As experienced sex therapists, we find that, in practice, a broader definition of sex tends to be associated with better outcomes in the couples we meet. Where people believe that a greater variety of activities and intimacy-building events are included in their sexual relationships, they tend to attribute greater levels of satisfaction to it.

It’s to be expected that, in a healthy relationship, couples will face challenges over time. Sexual desire will ebb and flow in both partners, children or work might get in the way, or life might just have other ideas.

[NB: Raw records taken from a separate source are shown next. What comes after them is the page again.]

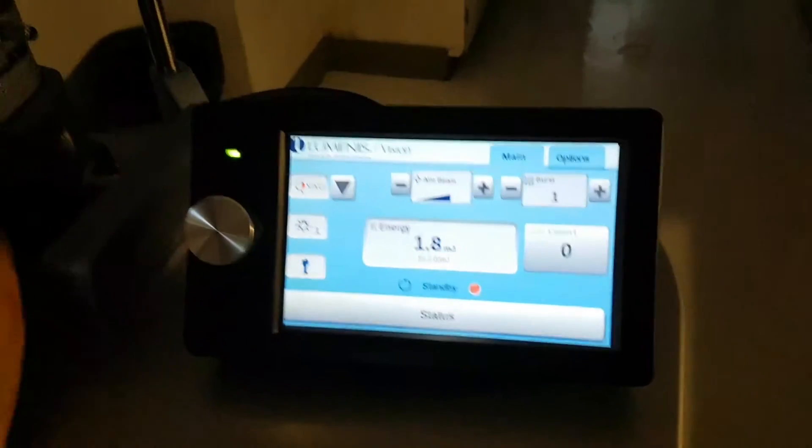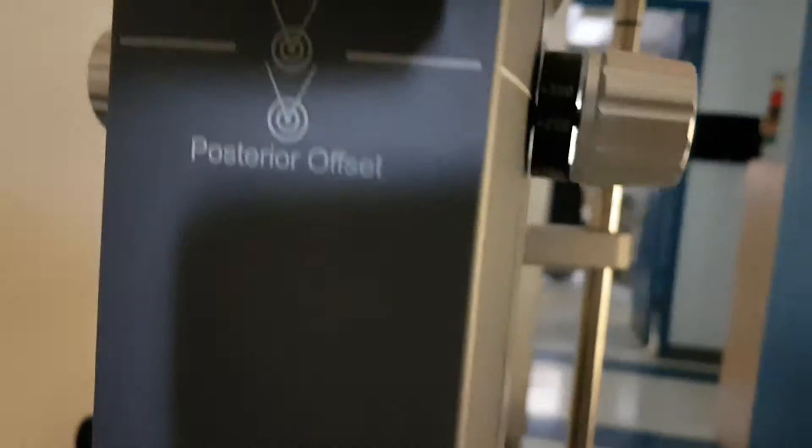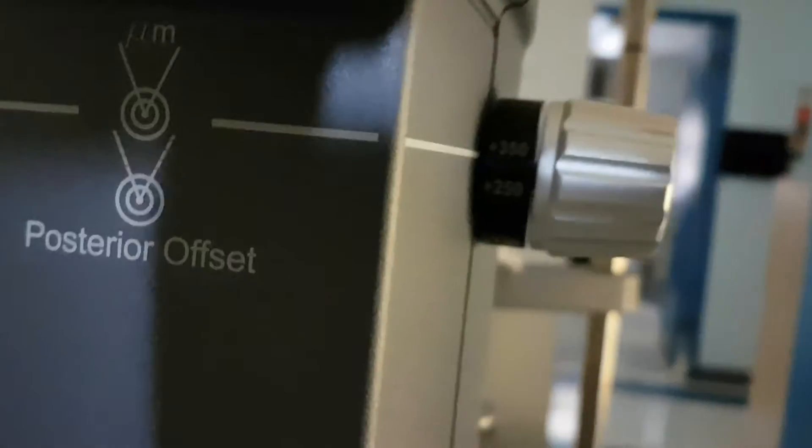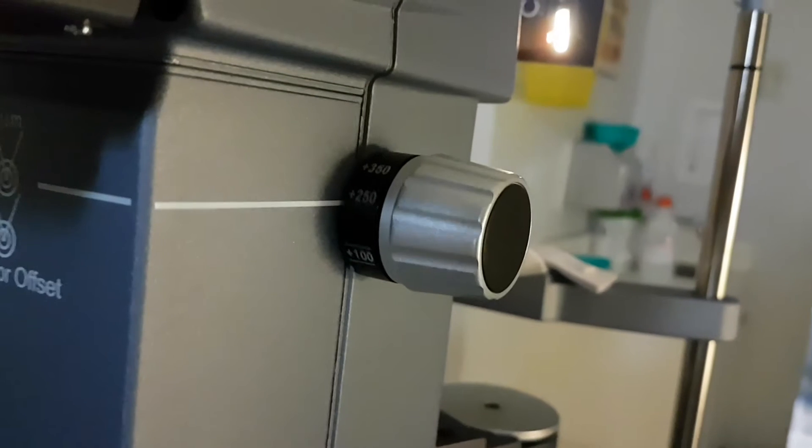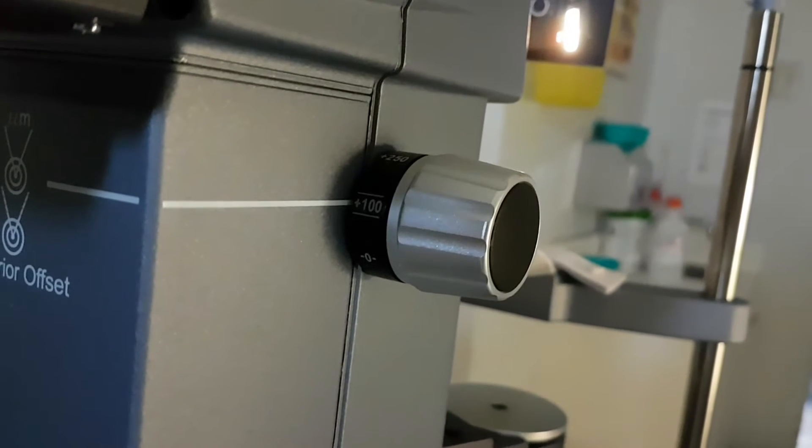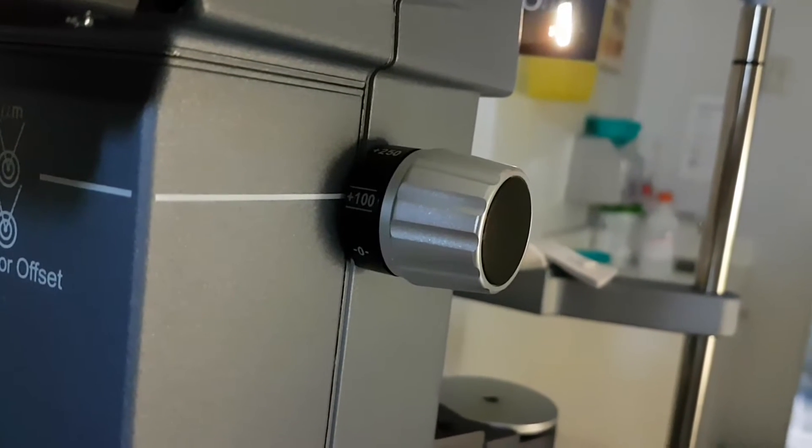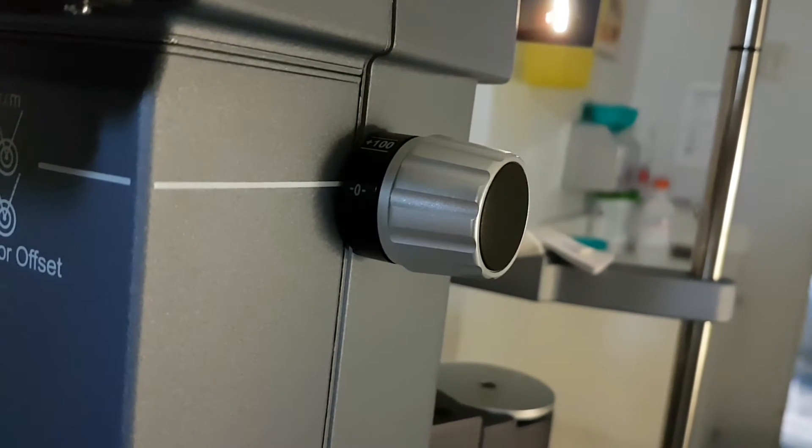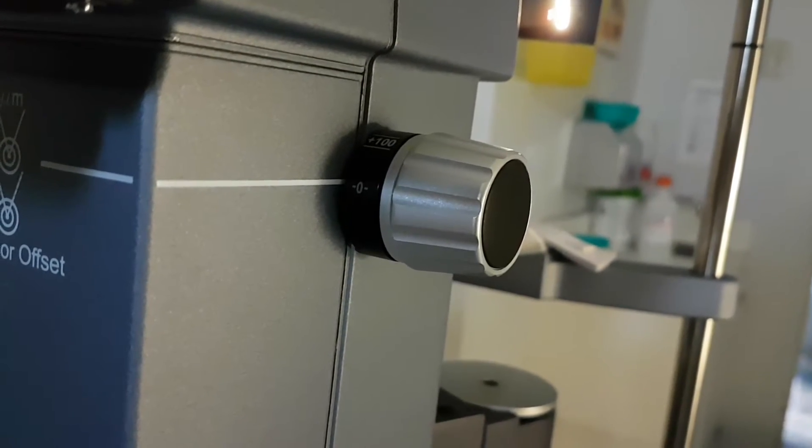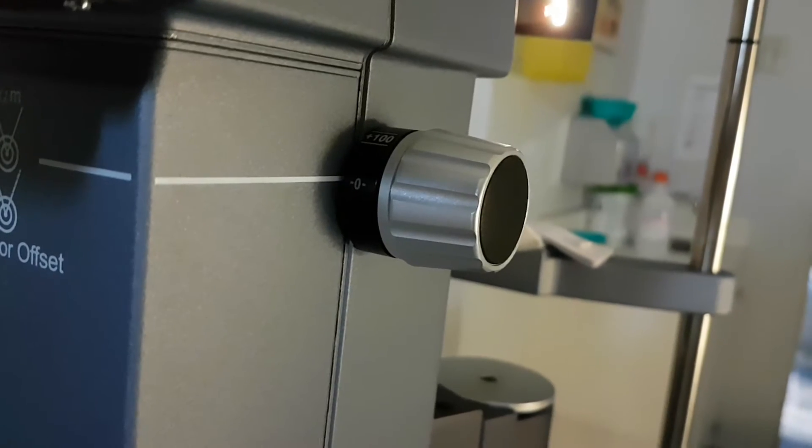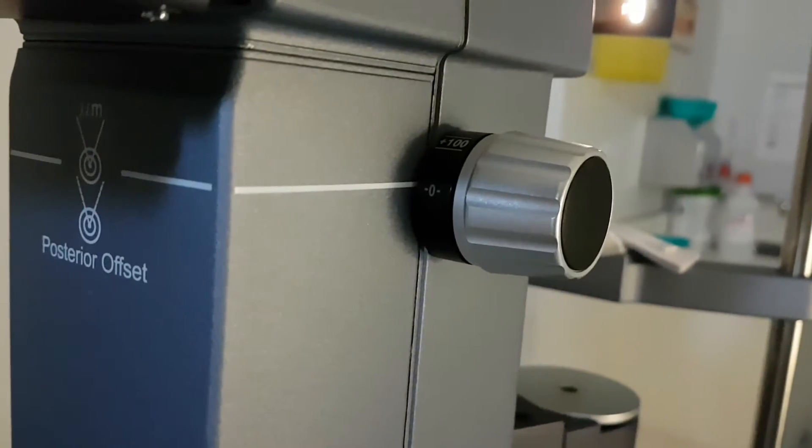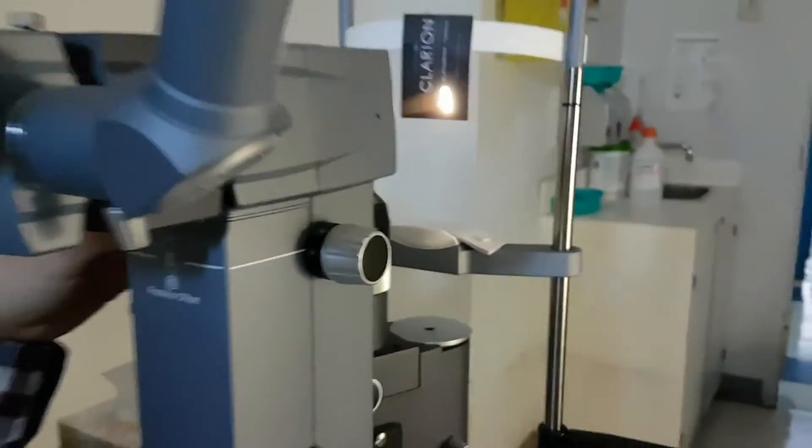Anterior and posterior offset right here. So this is now set at plus 350. We typically don't use an offset of more than 250, and most commonly used is plus 100. If you put it at zero, there is a safety posterior offset of 100 microns built in.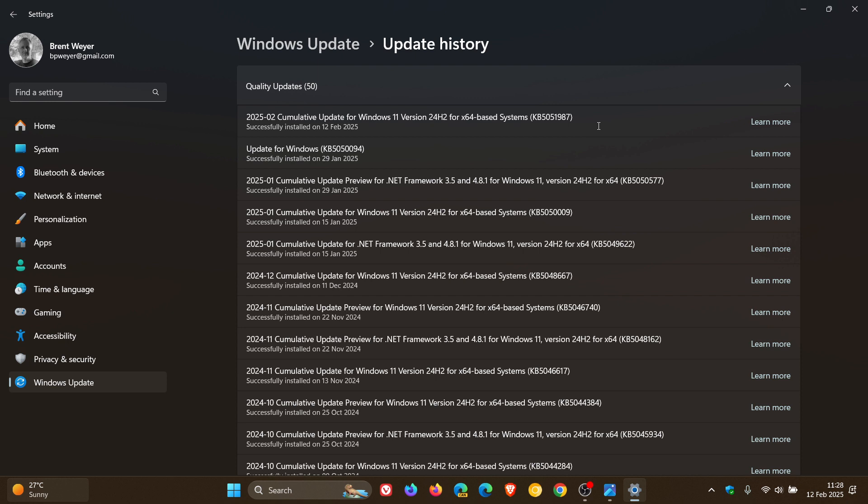That's four more than both Windows 10 and Windows 11 23H2. And there are two critical vulnerabilities which have been patched, which is one more than Windows 10 and 23H2 as well.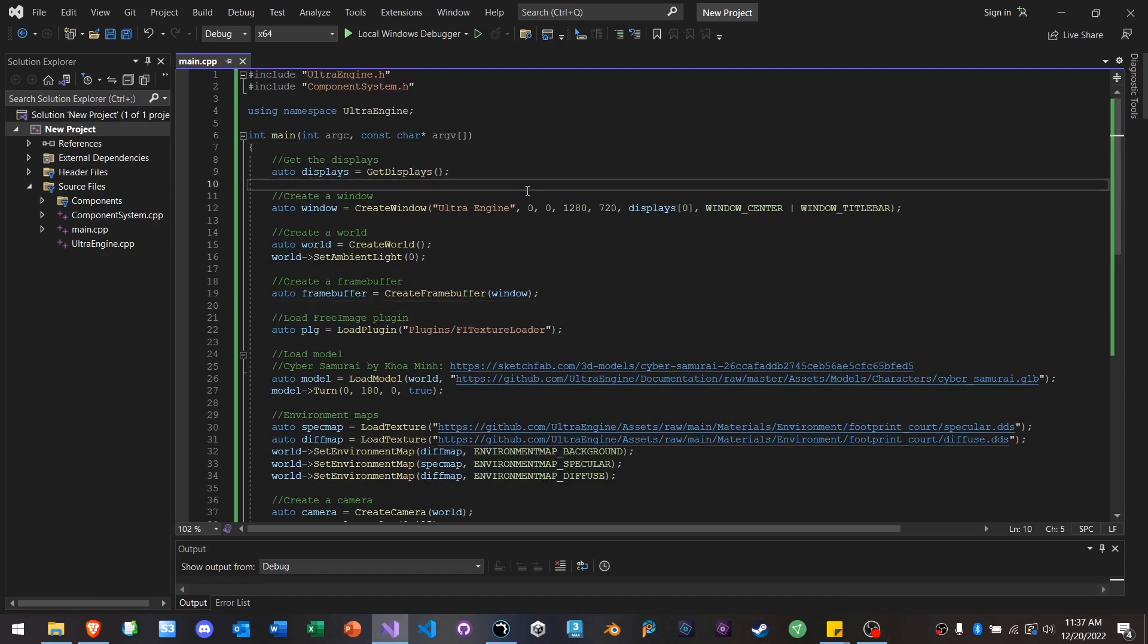Now, if you've already seen anything about Ultra Engine, you probably know the performance is really fast. And that's because Ultra Engine is designed to avoid bottlenecks that other engines, including Leadworks and Unity, both just get stuck with.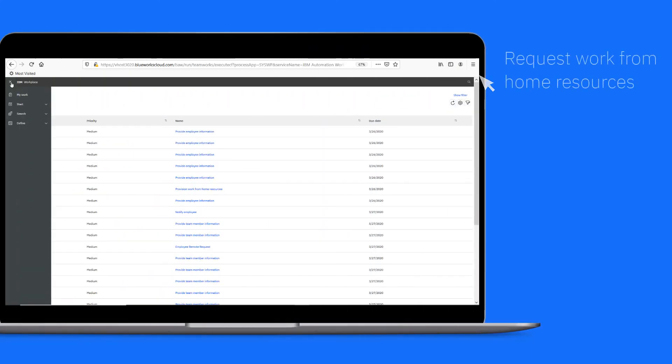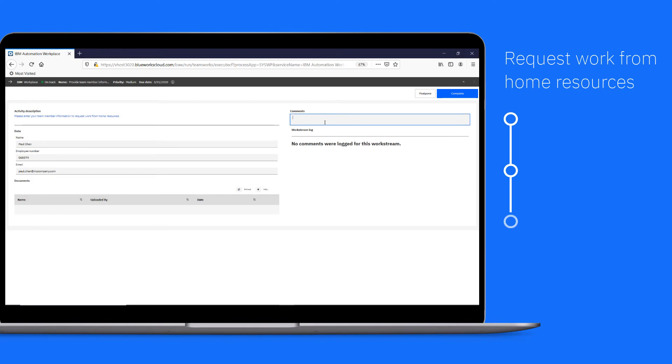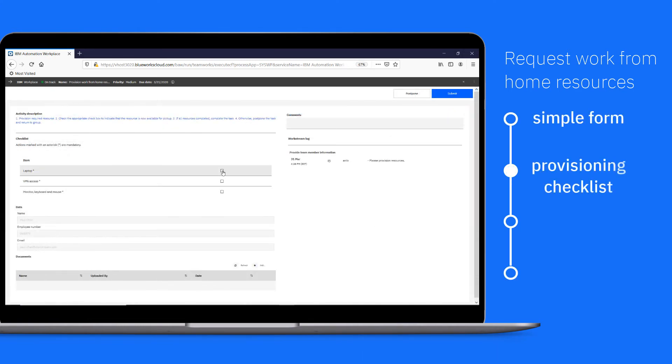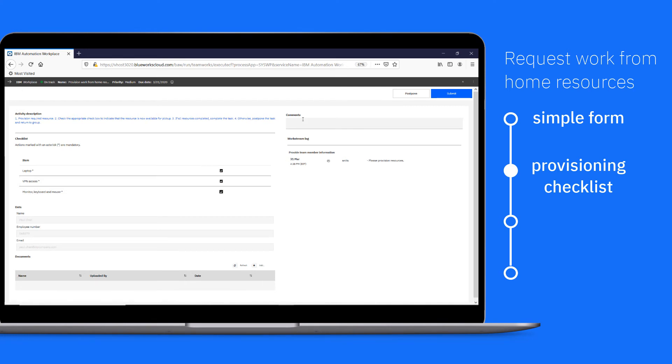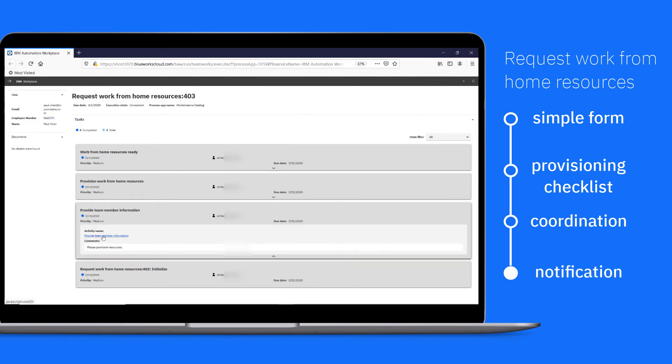A request work from home resources work stream is ready to start. It offers you an easy to complete request form, a checklist for provisioning assets, coordination between different provisioners, and a completion notification.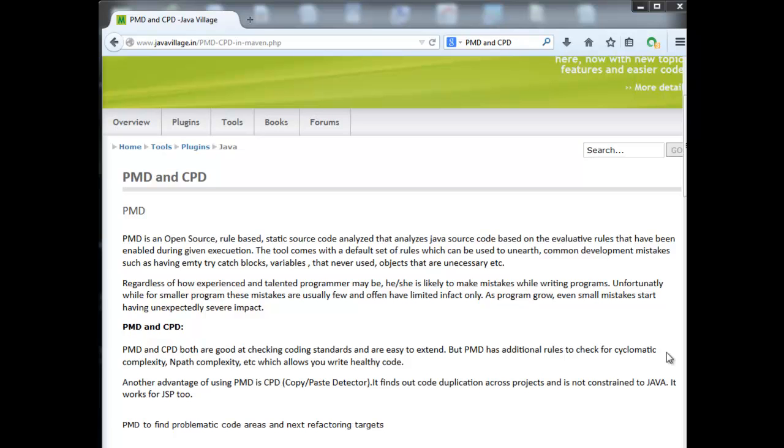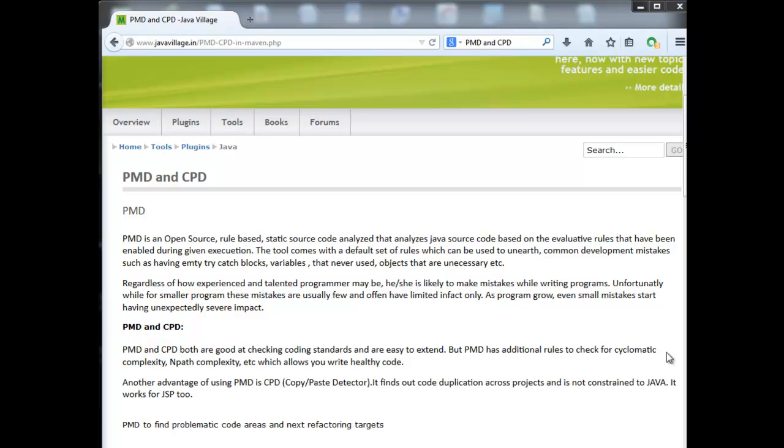PMD has additional rules to check for cyclomatic complexity. The best example for PMD is cyclomatic complexity - if we write many inner loops or if conditions to check for particular conditions, like if state equals Andhra follow this, if state equals Chennai follow this, and so on. For example, we have 29 states, so it will have nested loops and conditions. This will be calculated as cyclomatic complexity, not only if conditions but also switch conditions or nested if conditions. This kind of complexity will be identified by PMD.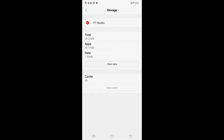Do not click Clear Data. If you clear data, it basically logs you out of your Google account, so if you don't know your password it may be very problematic. Just clear the cache — don't clear data.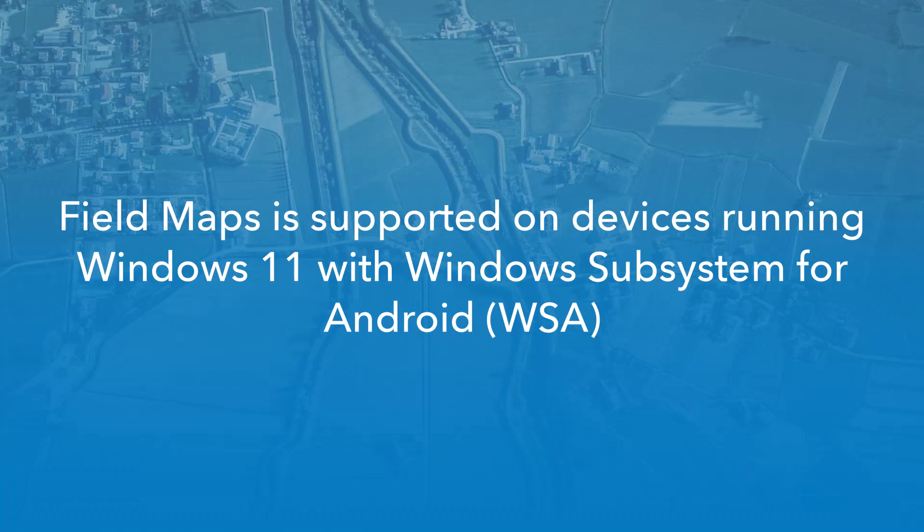The Android version of the Field Maps mobile app is now supported on Windows 11 devices with Windows Subsystem for Android. To learn more about Field Maps on Windows 11, including how to install it, check out the FAQ linked in the video description.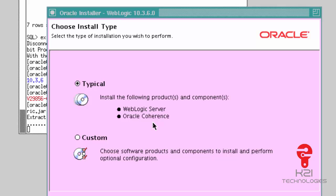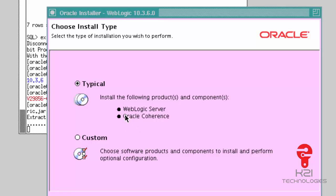You can see here it says 'Choose Install Type,' and I have the typical option which includes WebLogic Server and Oracle Coherence. Since I used an installer that has both WebLogic and Oracle Coherence, that's why I'm getting this option. For Oracle Fusion Middleware products — including SOA, OBI, WebCenter, and Identity and Access Management software like Oracle Access Manager or Identity Manager — you should use Coherence.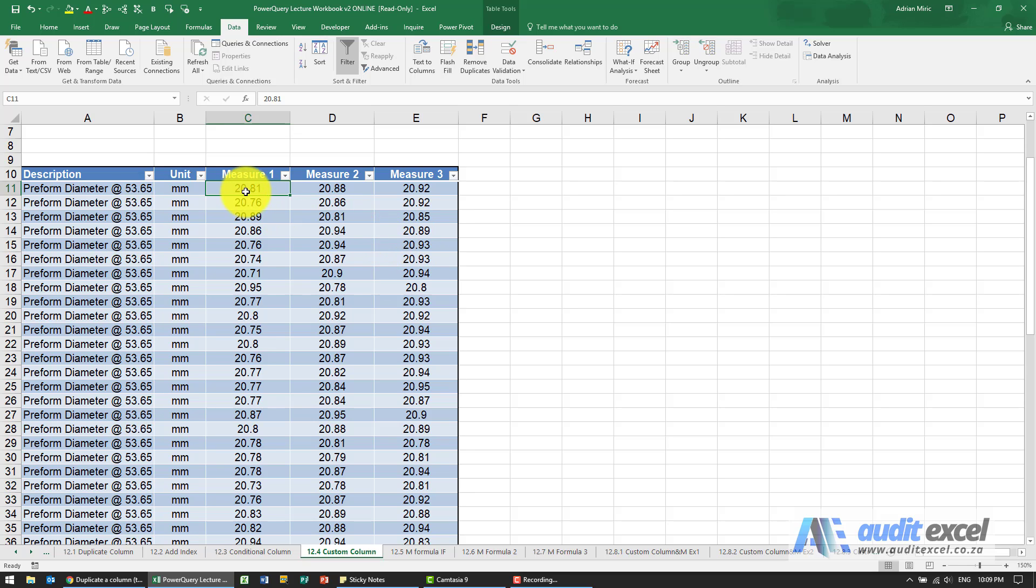We'd use either the average function or build something that says that plus that plus that divided by three.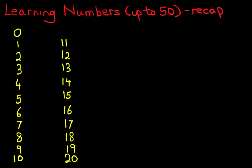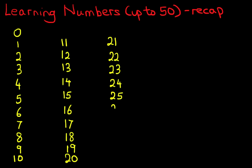Now the one after that is 21, 22, 23, 24, 25, 26, 27, 28, 29 and 30. Carrying on,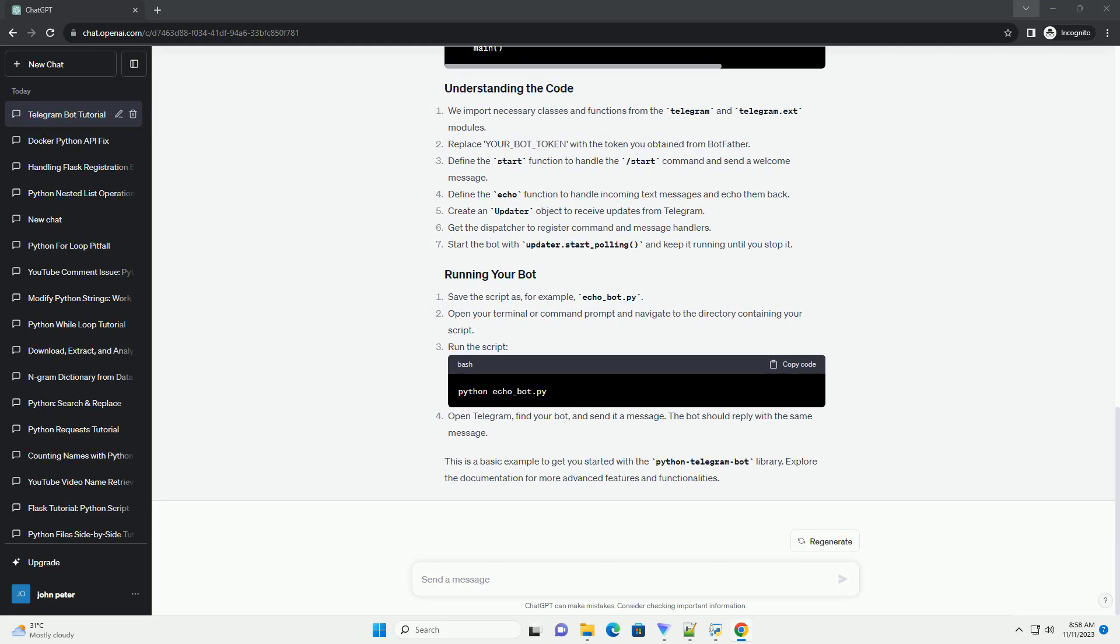Create a Telegram Bot, install Python Telegram Bot. Open your terminal or command prompt and run the following command to install the library.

When it comes to working through these issues, the ability to adapt, be flexible and get creative in the way you approach sexual pleasure can make a huge difference. A narrow definition of ‘sex’ could hinder your chance of finding a way around problems. Whereas a broad definition will give you lots of options to ensure you can continue to enjoy a healthy sex life and fulfilling physical relationship no matter what the future holds. 

(1) Tanne, J.H., 2010. Study comes up with 41 definitions of what" having sex" means. BMJ: British Medical Journal (Online), 341.
(2) Sanders, S.A. and Reinisch, J.M., 1999. Would you say you had sex if...?. Jama, 281(3), pp.275-277.
(3) Sewell, K.K. and Strassberg, D.S., 2015. How do heterosexual undergraduate students define having sex? A new approach to an old question. Journal of sex research, 52(5), pp.507-516.